• [Material for this exercise]
================
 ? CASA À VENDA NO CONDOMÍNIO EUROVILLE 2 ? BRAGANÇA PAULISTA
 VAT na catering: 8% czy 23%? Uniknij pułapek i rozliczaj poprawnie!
================
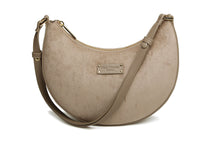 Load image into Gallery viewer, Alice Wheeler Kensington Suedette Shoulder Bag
================
• [Try it]
Print exactly the lines above, between the one holding "2 ? BRAGANÇA PAULISTA" and the one holding "VAT na catering: 8%", inclusive, and nothing besides.

• [Written solution]
 ? CASA À VENDA NO CONDOMÍNIO EUROVILLE 2 ? BRAGANÇA PAULISTA
 VAT na catering: 8% czy 23%? Uniknij pułapek i rozliczaj poprawnie!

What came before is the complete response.